GE will have the right to remove the Manager for breach of the MSA, fraud, gross negligence or willful misconduct or breach by ARC of the LLC Agreement or related agreements.

•       

Buyer shall reimburse GE for its reasonable overhead (as evidenced by reasonable documentation) in connection with services provided by GE to the Buyer in an amount not to exceed $20,000 per month.

•       

Manager shall provide the following to ARC and GE:

•       

unaudited quarterly financial statements within 50 days after the end of the each quarter and audited annual financials within 80 days after the end of the fiscal year;

•       

at Buyer’s expense, all other information and data with respect to Buyer and each of its subsidiaries as from time to time may be reasonably requested by any such Investor without creating an undue burden on Buyer

•       

monthly reports containing key operating and financial metrics and variance to approved budget within 10 days after the end of such month (or (i) within 25 days after the end of such month, if such month is a quarter-ending month of Arc, and (ii) within 30 days after the end of such month, if such month is a year-ending month of Arc).
Preemptive Rights

•       

In the event Buyer seeks to raise additional equity capital (which shall require the unanimous consent of the Members), each of the parties will have the right to participate, on a pro rata basis, based on their then fully-diluted ownership of Buyer
Transfer Restrictions

•       

Following the Closing, no transfer of equity interests in Buyer will be permitted by Arc without the prior consent of GE. In all cases, the transfer by GE of its equity interests in Buyer must be subject to compliance with the ROFO described below.

•       

If and to the extent GE has a regulatory issue, meaning any set of facts or circumstances in which the ownership by GE of the acquired interest gives rise to a material violation of applicable law that is not capable of being cured within a reasonable period of time without undue harm or further liability to GE as a result of such violation, or gives rise to a reasonable belief by GE (based upon advice of counsel having requisite experience in such matters) that such violation will arise, or gives rise to a requirement under applicable law, including banking regulations and applicable securities laws, that such acquired interests be transferred to a third party, then GE shall be permitted to transfer the ownership interest to an unaffiliated transferee (other than a transferee that is a “material competitor” or “material customer” (in each case as defined in the LLC Agreement) of ARC or a subsidiary thereof, unless ARC shall have otherwise consented).
ROFO

•       

Limited Liability Company Agreement will contain customary rights of first offer with respect to any sale or transfer of equity interests in Buyer by GE (other than sales or transfers by either GE to its respective affiliates).
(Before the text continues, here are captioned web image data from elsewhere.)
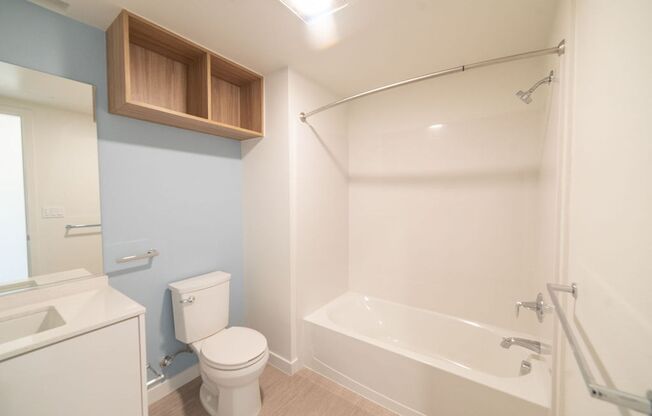 2 beds, 2 baths, 898 sqft, $4,550, Unit 705A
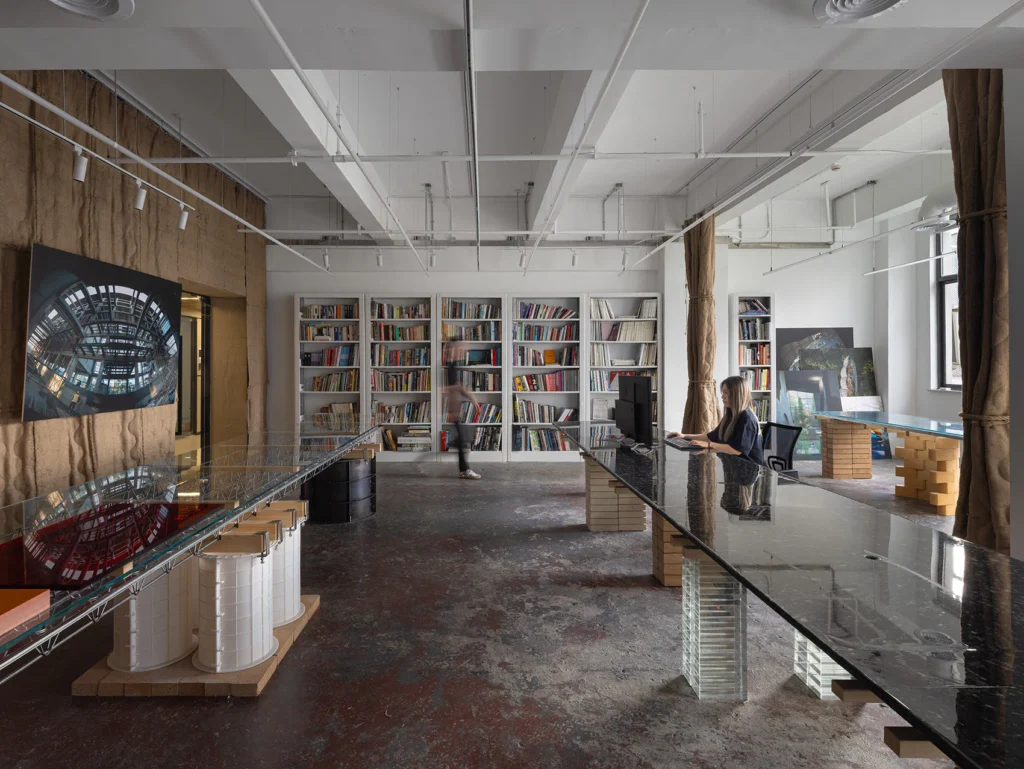 HOMESEE Shanghai SpActrum Office Workspace Interior Design office interior case image 02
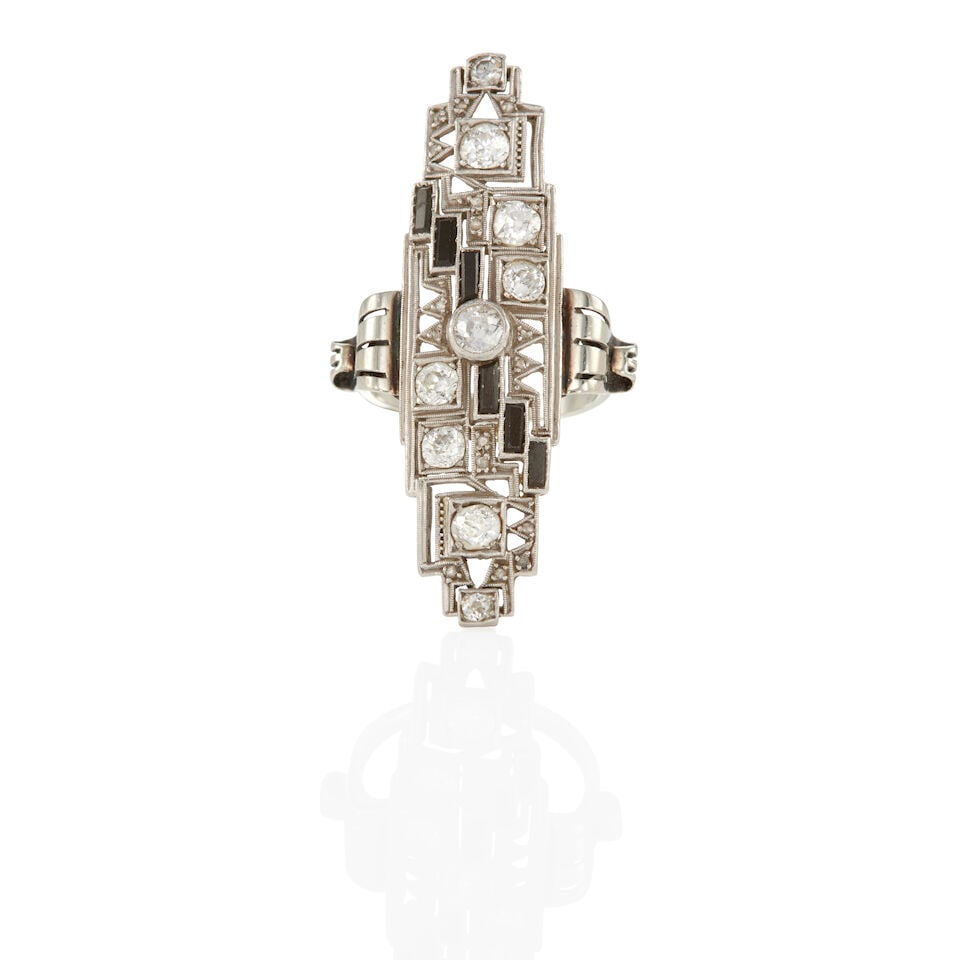 ART DECO 14K GOLD, DIAMOND, AND ONYX RING: ART DECO 14K GOLD, DIAMOND, AND ONYX RING •14k white gold •Numerous round Old European and round rose diamonds weighing approximately 1.20 - 1.30 carats total •6 rectangular faceted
Agreement will also address indirect transfers (i.e. transfers to affiliates with subsequent change of control).

•       

GE will notify Arc of its intent to sell. Arc will have the right to provide a price within 30-days, after which GE will have 30 days to accept or reject; if GE rejects, GE will have 180-days to sell to a third-party at a higher price (other than to a third party that is a “material competitor” or “material customer” (in each case as defined in the LLC Agreement) of ARC or a subsidiary thereof, unless ARC shall have otherwise consented).

 

19


Regulatory Compliance; Certain Duties

•       

GE reserves the right to share financial information with governmental authorities without regard to confidentiality restrictions.

•       

The LLC Agreement will contain a waiver of fiduciary duties and corporate opportunities for GE and Arc when acting in their capacities as members.
Tax Matters

•       

Buyer shall be treated as a partnership for U. S. federal income tax purposes (and applicable state and local tax jurisdictions that follow the treatment of Buyer as a partnership).

•       

Buyer shall maintain capital accounts in compliance with Treas. Reg. § 1.704-1(b). Liquidating distributions shall be made (after paying off creditors) in accordance with the distribution waterfall (i.e., 40% and 60% for GE and Arc, respectively).

•       

After giving effect to certain special allocations, net profits and net losses generally shall be allocated, for all tax purposes including the calculation of capital accounts of the members, in accordance with the distribution waterfall (i.e. 40% and 60% for GE and ARC, respectively). Loss allocations shall be limited to the extent they would cause a member to have a capital account deficit. Certain special allocations may be required, inter alia, if a member has a capital account deficit.

•       

Arc shall be the tax matters partner.